■ **Records for this exercise**
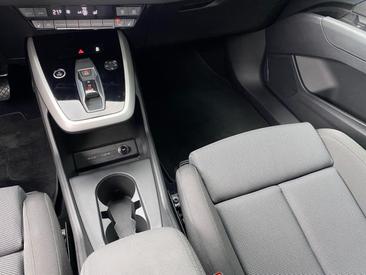 Audi Q4 E-tron 45 Quattro 195 KW — photo 7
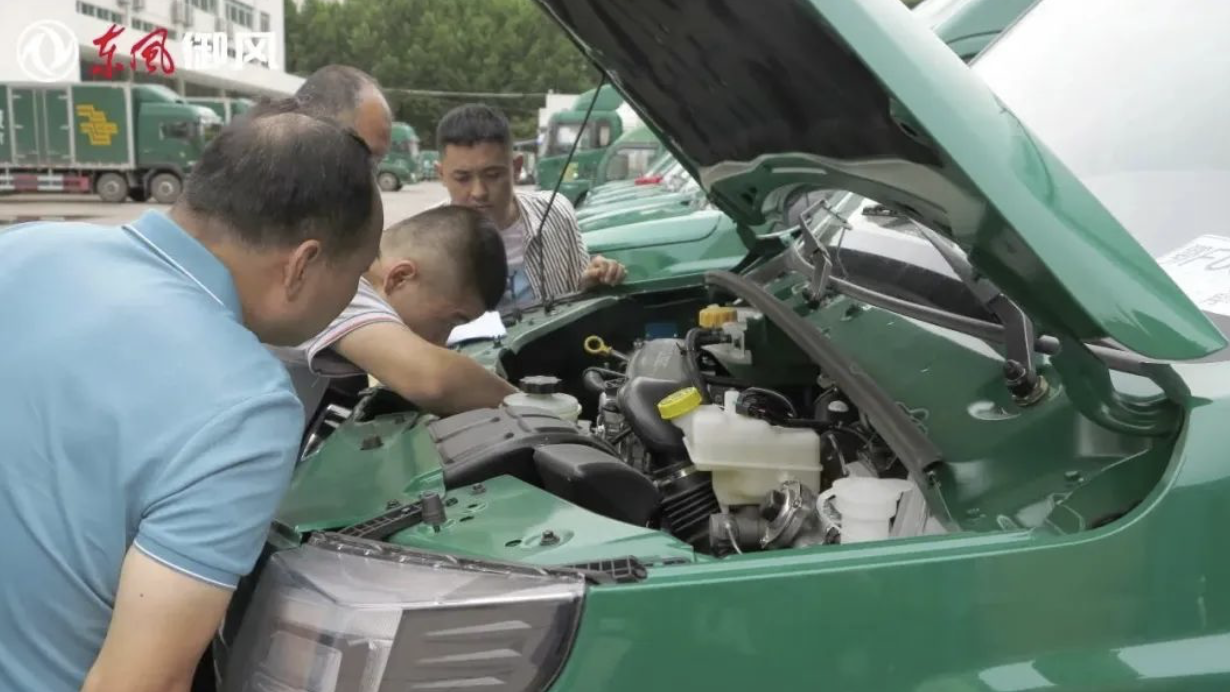 東風(fēng)御風(fēng)郵政車西安首批交付，為中國郵政快運速度再添助力！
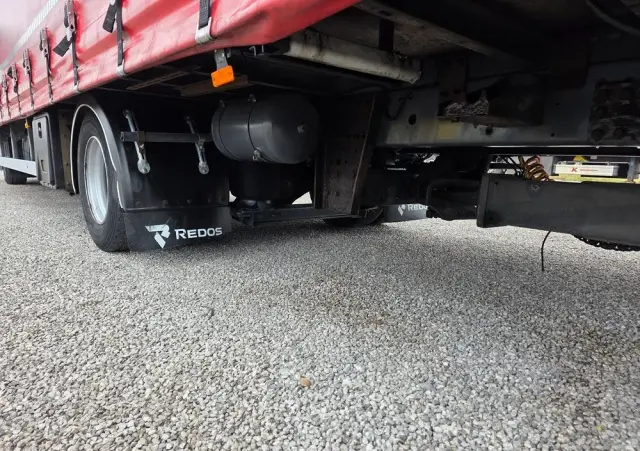 DAF LF 12/260 ZESTAW TANDEM  PRZEJAZDOWY 120m2 SALON PL. 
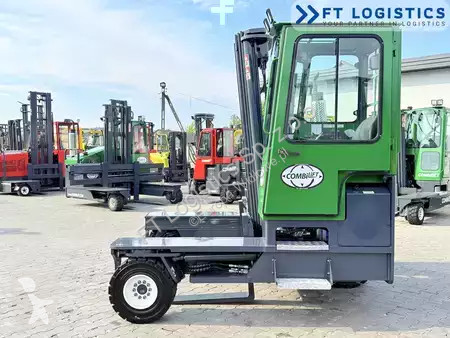 Stivuitor multidirectional Combilift
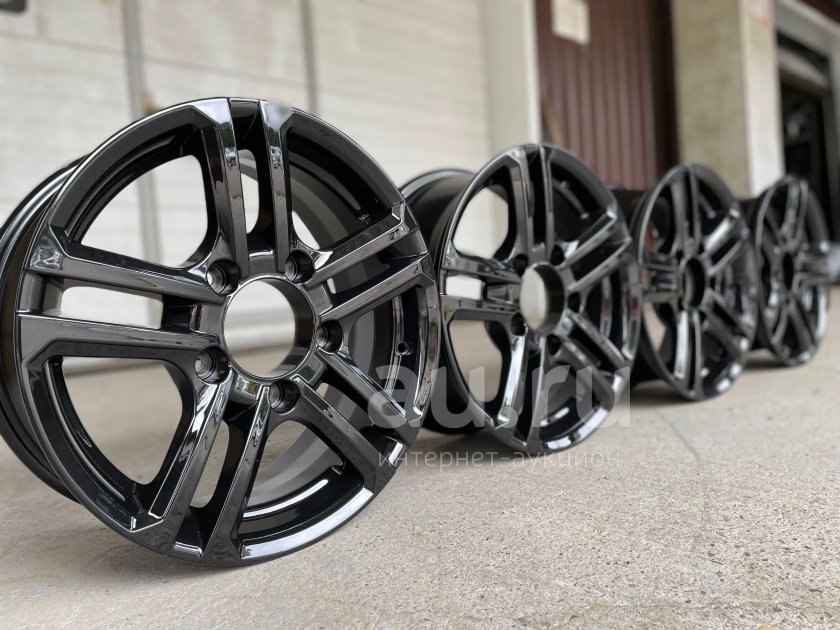 Диски 17 черные матовые на ниву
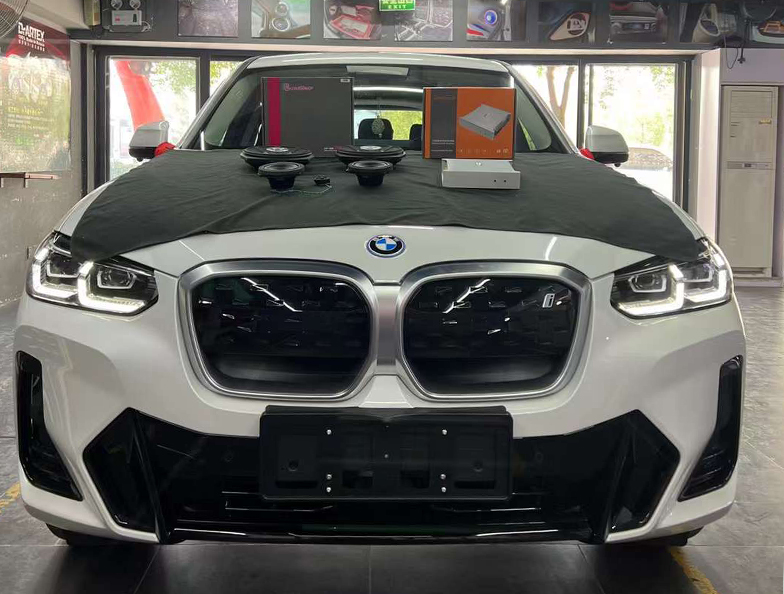 寶馬IX3汽車音響改裝如何不露痕跡？邁博...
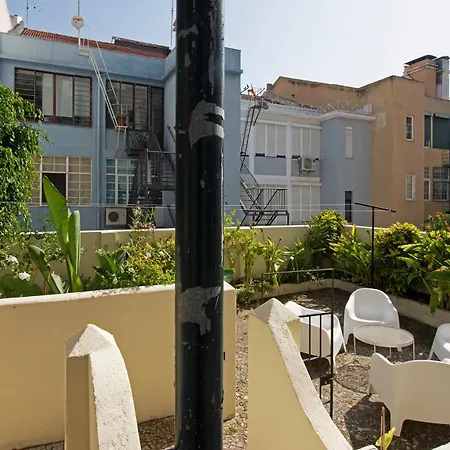 Traditional With Garden Casa de Férias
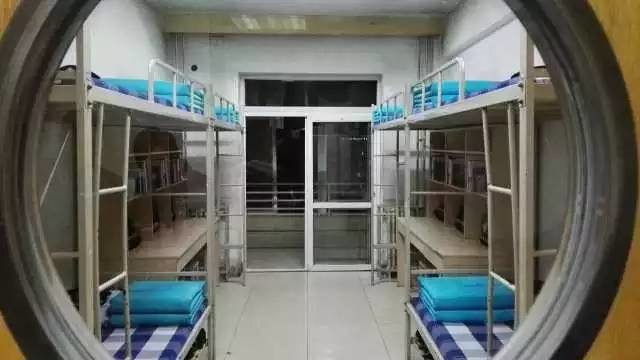 這個(gè)學(xué)校的男生宿舍火了！女同學(xué)都喊著要嫁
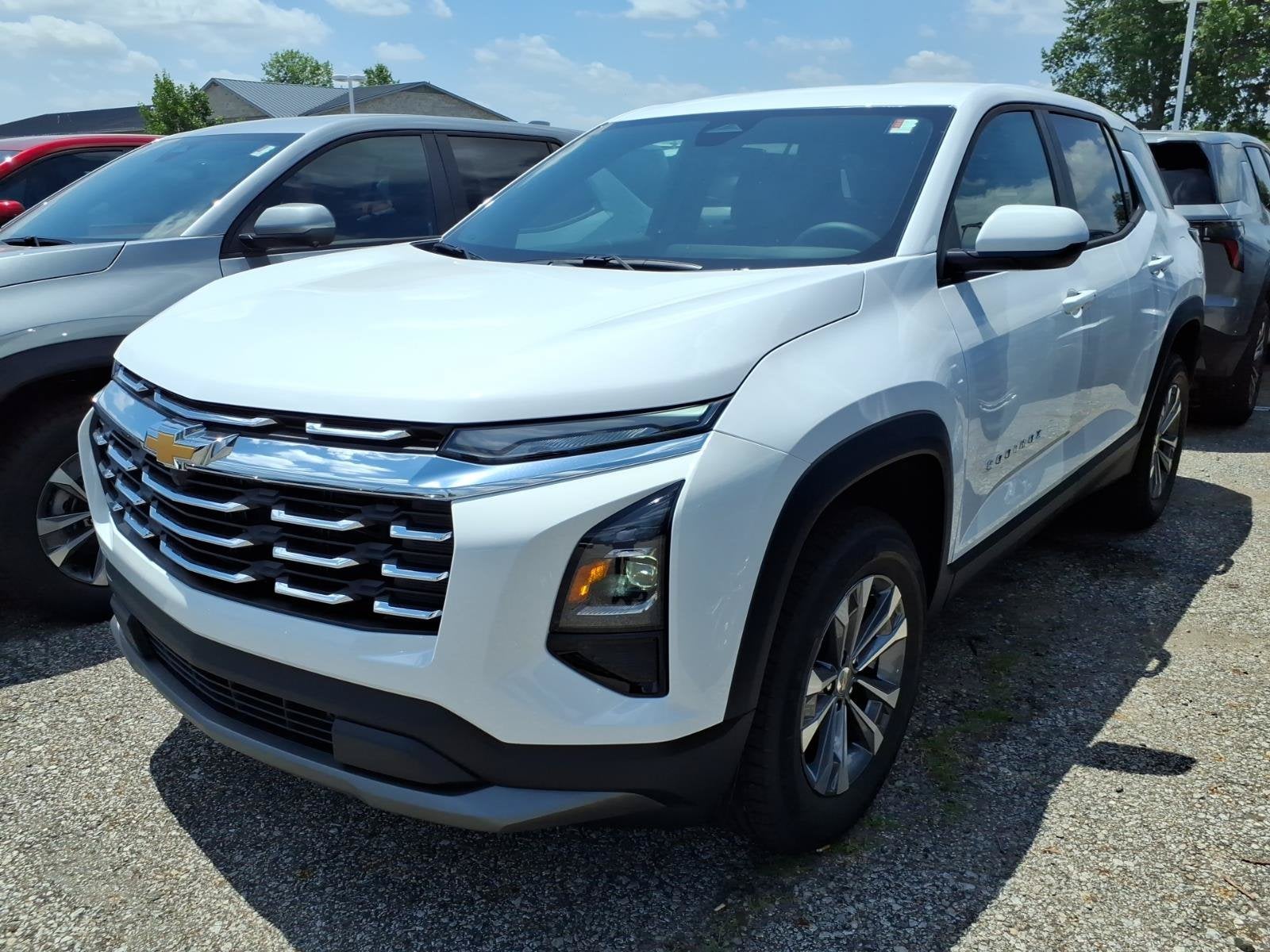 2027 Chevrolet Equinox LT - Photo 4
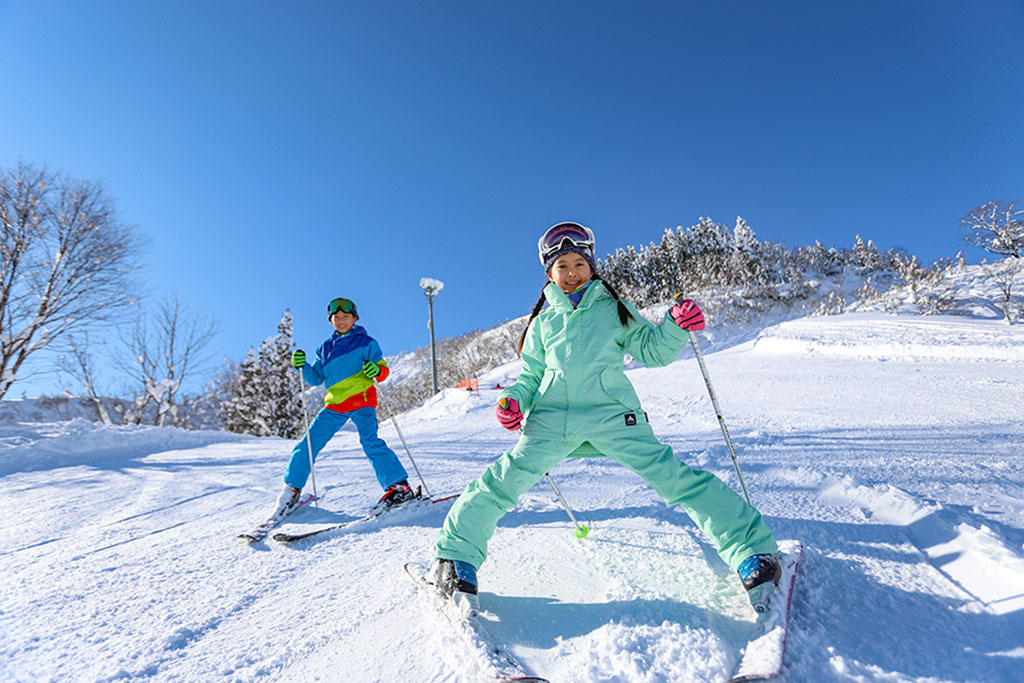 ゲレンデデビューにおすすめ！初心者キッズ向けサービスが充実のスキー場7選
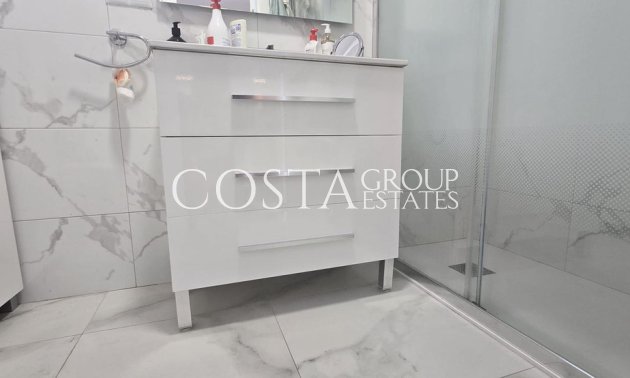 Wiederverkauf - Villa -
Torrevieja - Torrevieja Centro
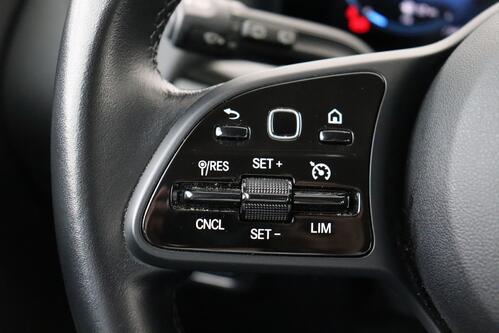 MERCEDES-BENZ GLA 250 e iA + GPS + LEDER + PDC + CRUISE + ALU 17 + TREKHAAK 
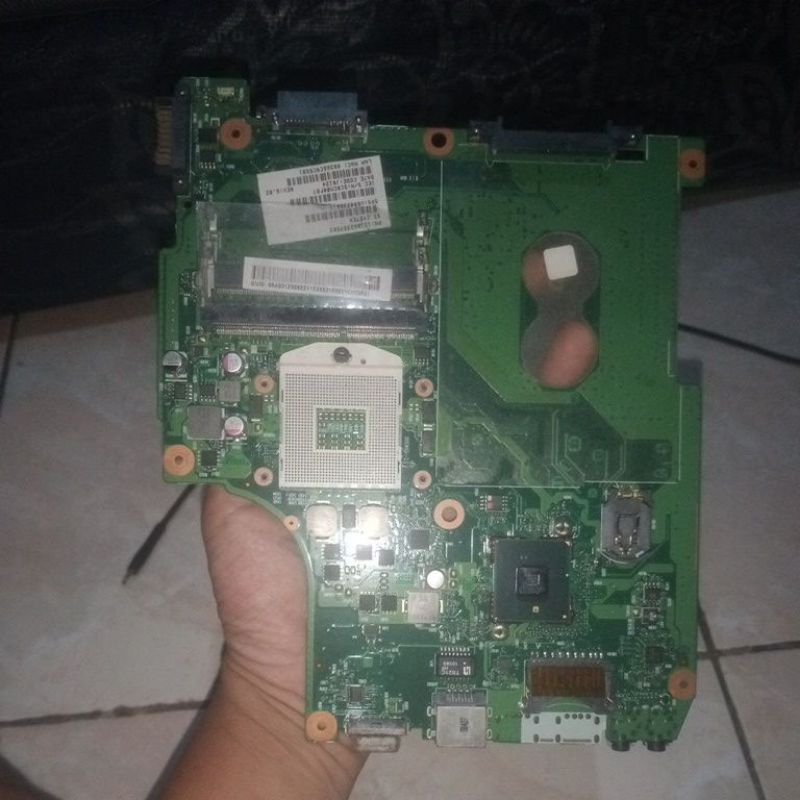 bahan motherboard toshiba C640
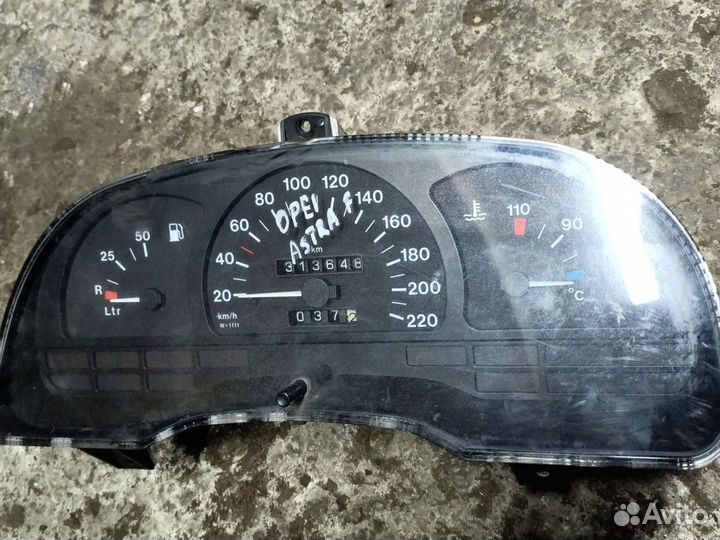Приборная панель Opel Astra F C16NZ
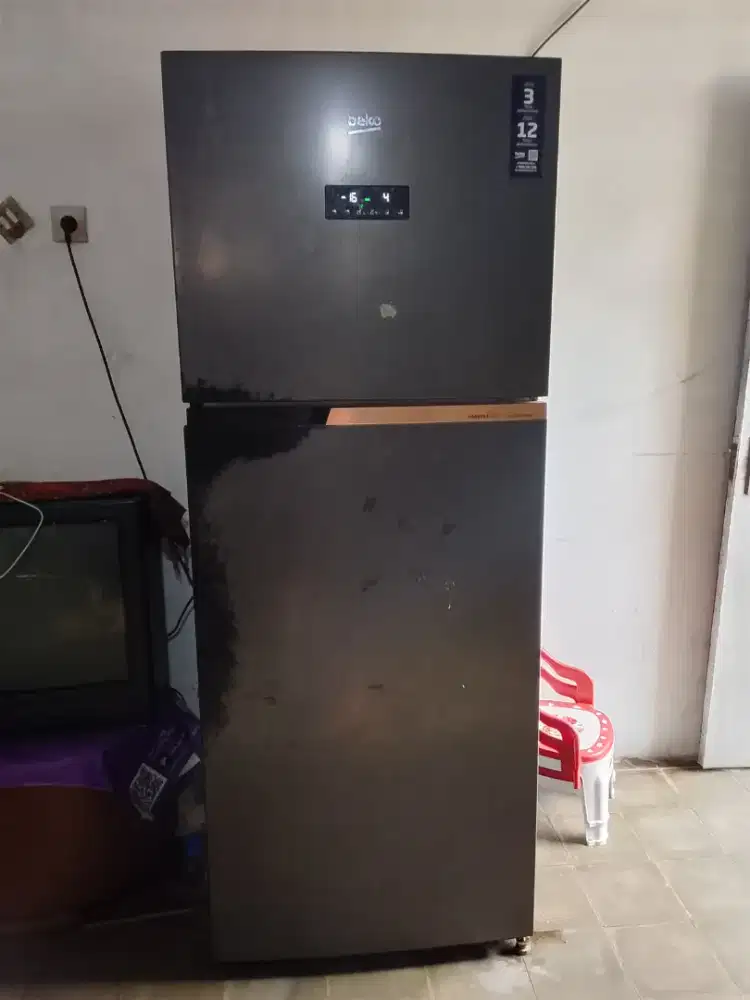 Kulkas Beko 2 pintu inverter
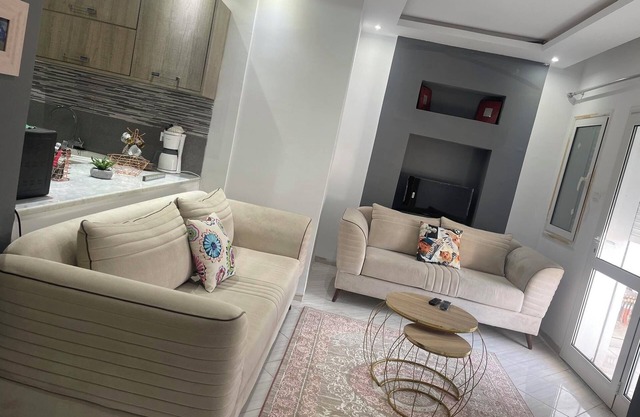 Condo Yasmine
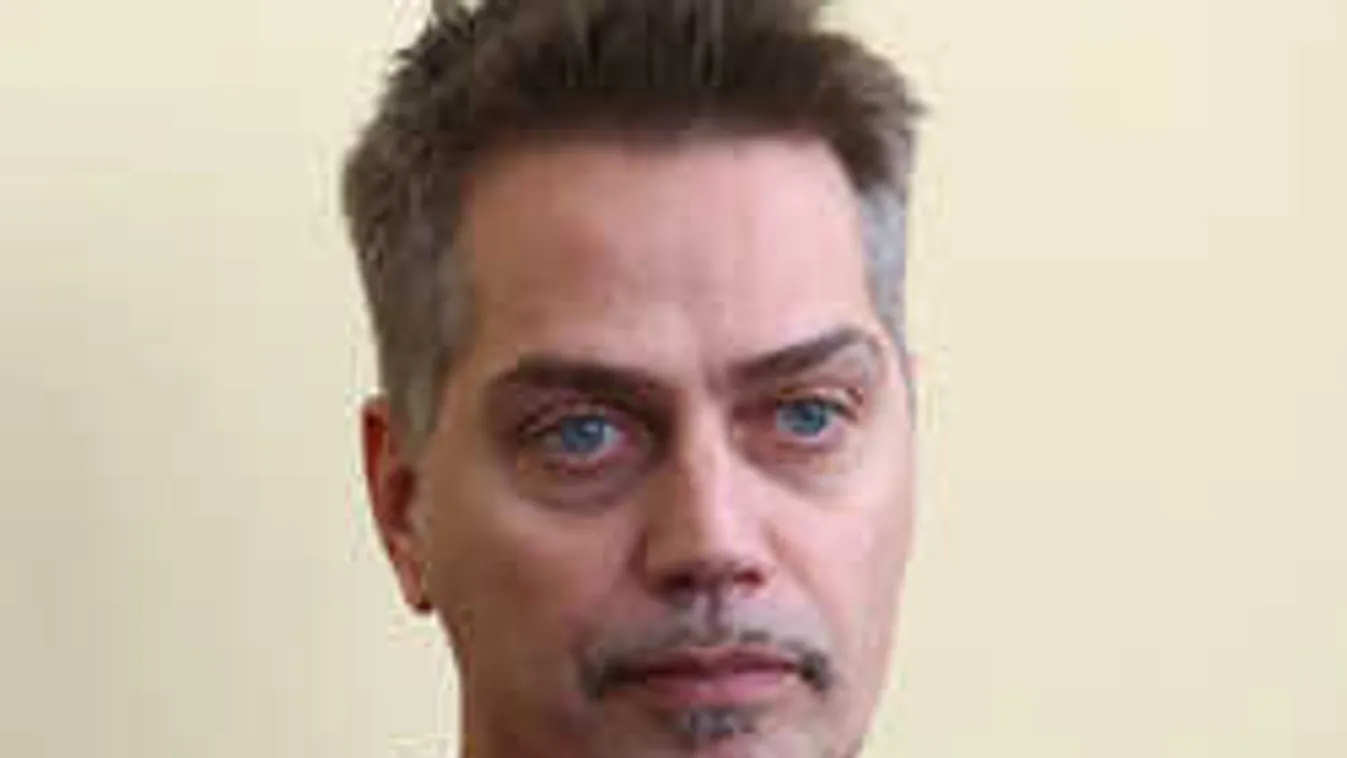 A kórházból üzent a megműtött magyar műsorvezető - Fotó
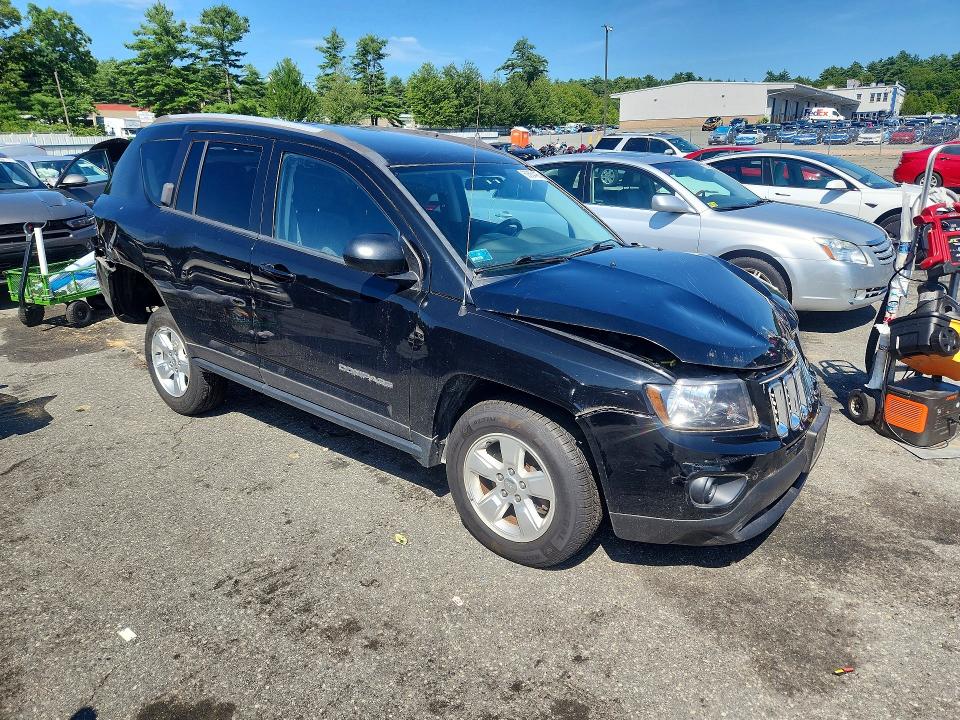 Photo 4 from auction – 2015 JEEP COMPASS with VIN 1C4NJCBA2FD436716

■ **Task to complete**
Retype only the lines from the line with "東風(fēng)御風(fēn" through the last line of the data. Keep both ends and skip the pictures.

■ **Task output**
 東風(fēng)御風(fēng)郵政車西安首批交付，為中國郵政快運速度再添助力！
 DAF LF 12/260 ZESTAW TANDEM  PRZEJAZDOWY 120m2 SALON PL. 
 Stivuitor multidirectional Combilift
 Диски 17 черные матовые на ниву
 寶馬IX3汽車音響改裝如何不露痕跡？邁博...
 Traditional With Garden Casa de Férias
 這個(gè)學(xué)校的男生宿舍火了！女同學(xué)都喊著要嫁
 2027 Chevrolet Equinox LT - Photo 4
 ゲレンデデビューにおすすめ！初心者キッズ向けサービスが充実のスキー場7選
 Wiederverkauf - Villa -
Torrevieja - Torrevieja Centro
 MERCEDES-BENZ GLA 250 e iA + GPS + LEDER + PDC + CRUISE + ALU 17 + TREKHAAK 
 bahan motherboard toshiba C640
Приборная панель Opel Astra F C16NZ
 Kulkas Beko 2 pintu inverter
 Condo Yasmine
 A kórházból üzent a megműtött magyar műsorvezető - Fotó
 Photo 4 from auction – 2015 JEEP COMPASS with VIN 1C4NJCBA2FD436716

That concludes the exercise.